Bureau of Safety and Environmental Enforcement

30 CFR Part 250

[Docket ID: BSEE-2013-0007; 134E1700D2 EEAA103000 ET1EX0000.PEA000]
RIN 1014-AA12


Oil and Gas and Sulphur Operations in the Outer Continental 
Shelf--Adjustment of Service Fees

AGENCY: Bureau of Safety and Environmental Enforcement (BSEE), 
Interior.

ACTION: Final rule.

-----------------------------------------------------------------------

SUMMARY: This final rule amends the BSEE oil and gas resources 
regulations to update some fees that cover BSEE's cost of processing 
and filing certain documents relating to its oil and gas resources 
program.

DATES: This final rule becomes effective on October 1, 2013.

FOR FURTHER INFORMATION CONTACT: Angela Mazzullo, Office of the Deputy 
Director, 202-208-5122 or Amy C. White, Chief, Regulations and 
Standards Branch, 703-787-1665.

SUPPLEMENTARY INFORMATION: 

I. BSEE

    The BSEE promotes safety, protects the environment, and conserves 
offshore oil and gas resources through vigorous regulatory oversight 
and enforcement. The BSEE was established on October 1, 2011, as part 
of a major restructuring of the Department of the Interior's (DOI) 
offshore regulatory programs. The Secretary of the Interior (Secretary) 
announced the new division of responsibilities of the former Minerals 
Management Service (MMS) into three new bureaus within DOI in 
Secretarial Order No. 3299, issued on May 19, 2010. The BSEE, one of 
the three new bureaus, assumed responsibility for ``safety and 
environmental enforcement functions including, but not limited to, the 
authority to permit activities, inspect, investigate, summon witnesses 
and produce evidence[;] levy penalties; cancel or suspend activities; 
and oversee safety, response and removal preparedness'' (76 FR 64432).

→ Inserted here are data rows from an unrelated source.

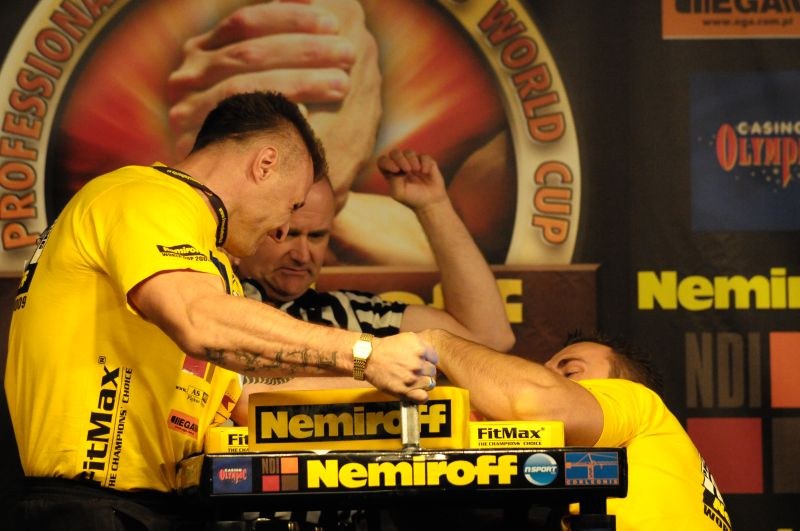 Nemiroff 2009 Day 1 Left Hand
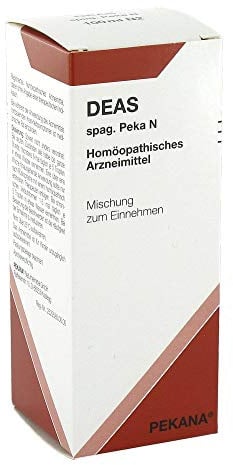 DEAS spag.Peka N Tropfen 100 ml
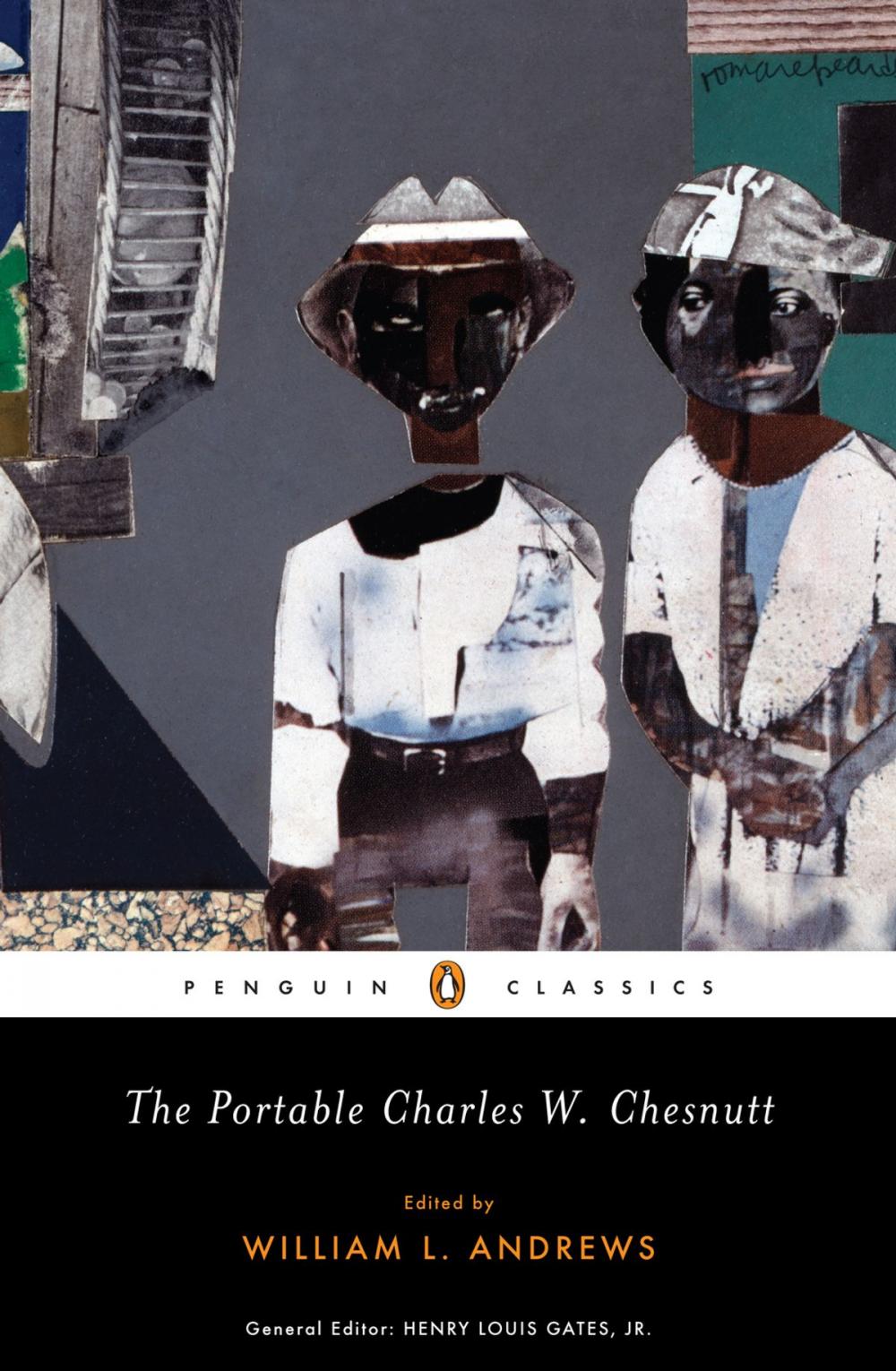 Big bigCover of The Portable Charles W. Chesnutt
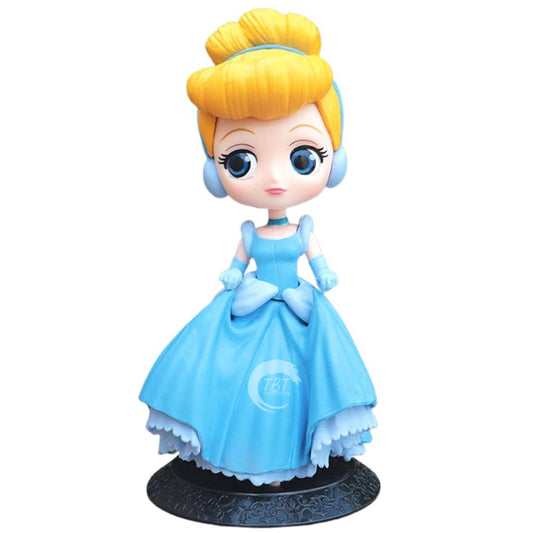 Cinderella Princess Doll Cake Topper Toy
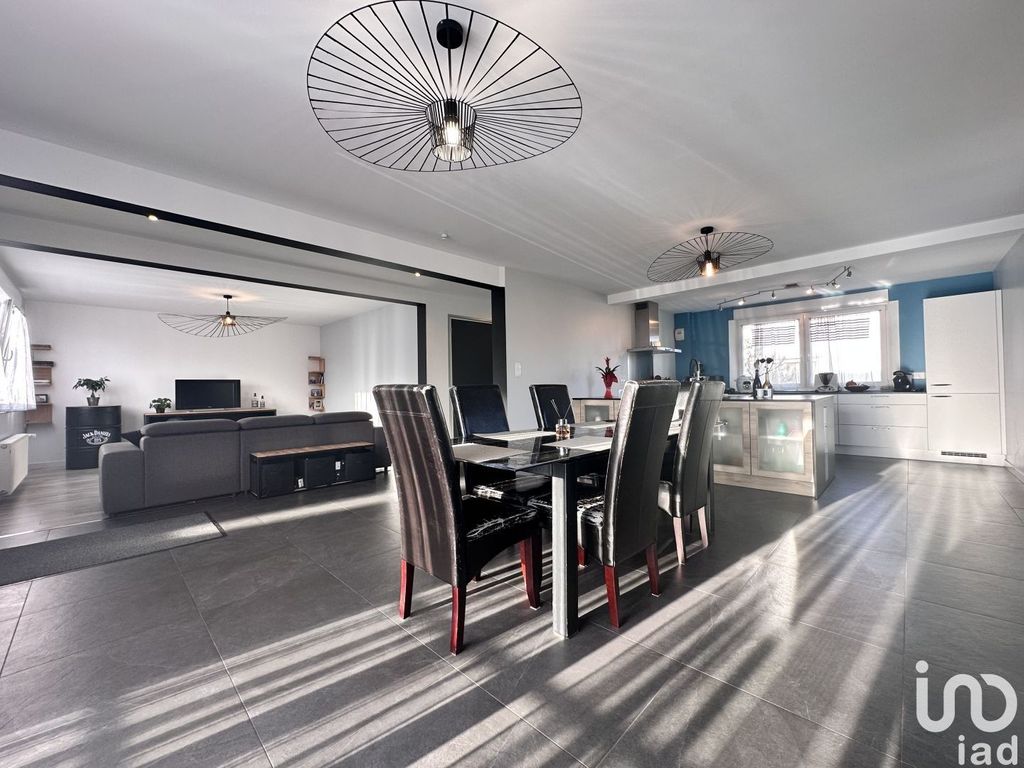 Achat maison à vendre 5 chambres 170 m² - Blainville-sur-l'Eau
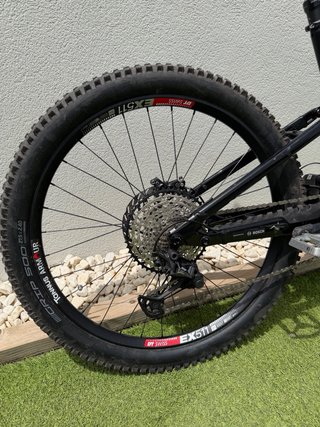Bicicleta Cannondale Moterra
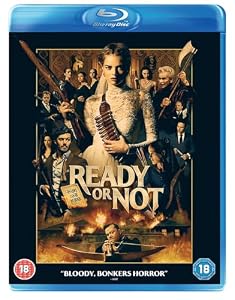 Ready or Not (2019) [Blu-ray]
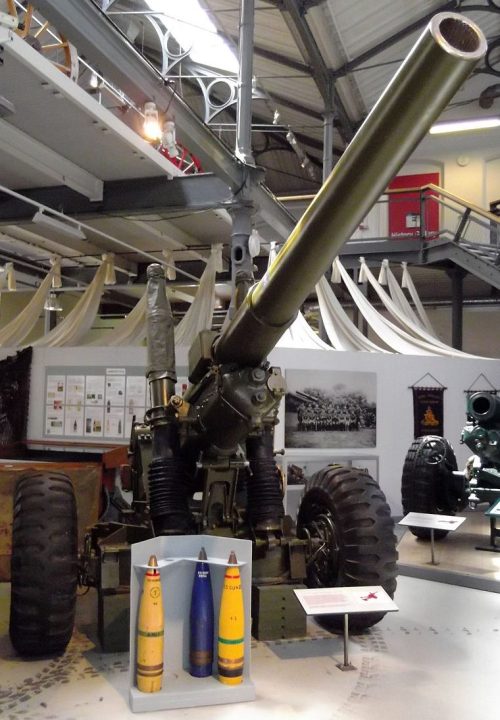 Экспонаты музея. 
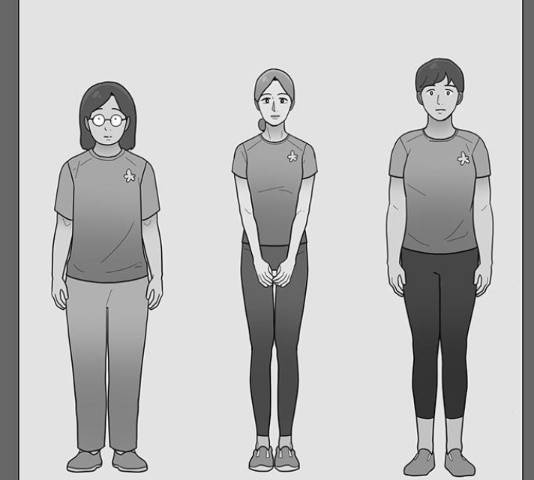 여성전용헬스장 진달래짐 68화 15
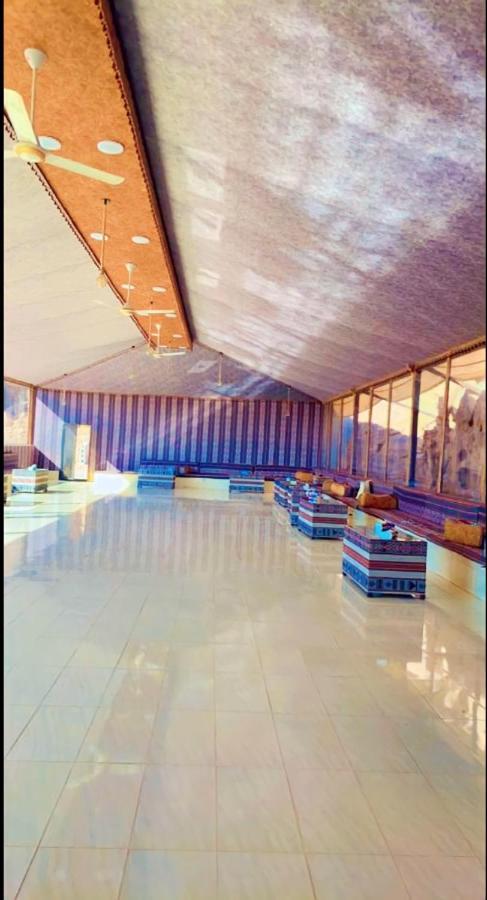 Nature Star Camp Hotel Wadi Rum Exterior foto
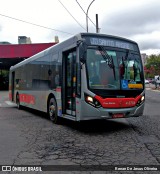 Express Transportes Urbanos Ltda 4 8784 na cidade de São Paulo, São Paulo, Brasil, por Renan De Jesus Oliveira. Número da foto: #13135382.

II. BSEE Statutory and Regulatory Authority

    The BSEE derives its authority from the Outer Continental Shelf 
Lands Act (OCSLA)(43 U.S.C. 1331-1356(a). Congress enacted OCSLA in 
1953, establishing Federal control over the Outer Continental Shelf 
(OCS) and

[[Page 60209]]

authorizing the Secretary to regulate oil and gas exploration, 
development, and production operations on the OCS. The Secretary has 
authorized BSEE to perform these functions (30 CFR 250.101).
    The BSEE regulatory program is comprehensive and provides 
regulatory oversight over a wide range of facilities and activities 
including drilling, completion, workover production, pipeline, and 
decommissioning operations. To carry out its responsibilities, BSEE 
develops and enforces regulations to enhance safety and environmental 
protection for offshore exploration and development of oil and natural 
gas on the OCS and to reflect advancements in technology and new 
information. The BSEE also conducts onsite inspections to assure 
compliance with regulations, lease terms, and approved plans and 
operates an oil spill response program. Detailed information concerning 
BSEE's regulations and guidance to the offshore industry may be found 
on BSEE's Web site at https://www.bsee.gov/Regulations-and-Guidance/index.aspx.

III. Background

    The BSEE has authority to recover the full cost of services that 
confer special benefits under the Independent Offices Appropriation Act 
(31 U.S.C. 9701), the Omnibus Appropriations Bill (Pub. L. 104-133, 110 
Stat. 1321, April 26, 1996), and the Office of Management and Budget 
(OMB) Circular A-25. Under DOI's implementing policy, BSEE is required 
to charge the full cost for services that provide special benefits or 
privileges to an identifiable non-Federal recipient above and beyond 
those which accrue to the public at large. At 30 CFR 250.125(a), the 
regulations provide that BSEE will periodically adjust fees for 
inflation according to changes in the Implicit Price Deflator for Gross 
Domestic Product (IPD-GDP), which is published quarterly by the U.S. 
Department of Commerce, Bureau of Economic Analysis (BEA).
    The DOI finds that good cause exists under the Administrative 
Procedure Act (5 U.S.C. 553(b)(B)) to implement this final rule without 
prior public notice and comment for these inflation adjustments. The 
BSEE provided the public with an opportunity to comment on this 
procedure during the public comment period when it promulgated 30 CFR 
250.125(a), and this new rule simply implements the procedure set forth 
in that regulation. The calculation of these adjustments is based on 
the change in the BEA IPD-GDP. The amount of the adjustment is not 
within BSEE's discretion. Accordingly, public notice and comment 
procedures are unnecessary.
    The DOI also finds that good cause exists under 5 U.S.C. 553(d)(3) 
to implement this final rule with an effective date sooner than 30 days 
after publication. An effective date of October 1, 2013 allows BSEE to 
align implementation of the final rule with the beginning of the fiscal 
year. This final rule will not affect the operations of the parties to 
which it applies. These parties will only need to increase the dollar 
amount of the cost recovery fee payments that are prospectively 
submitted to BSEE. Accordingly, waiting 30 days after publication to 
make this final rule effective is unnecessary.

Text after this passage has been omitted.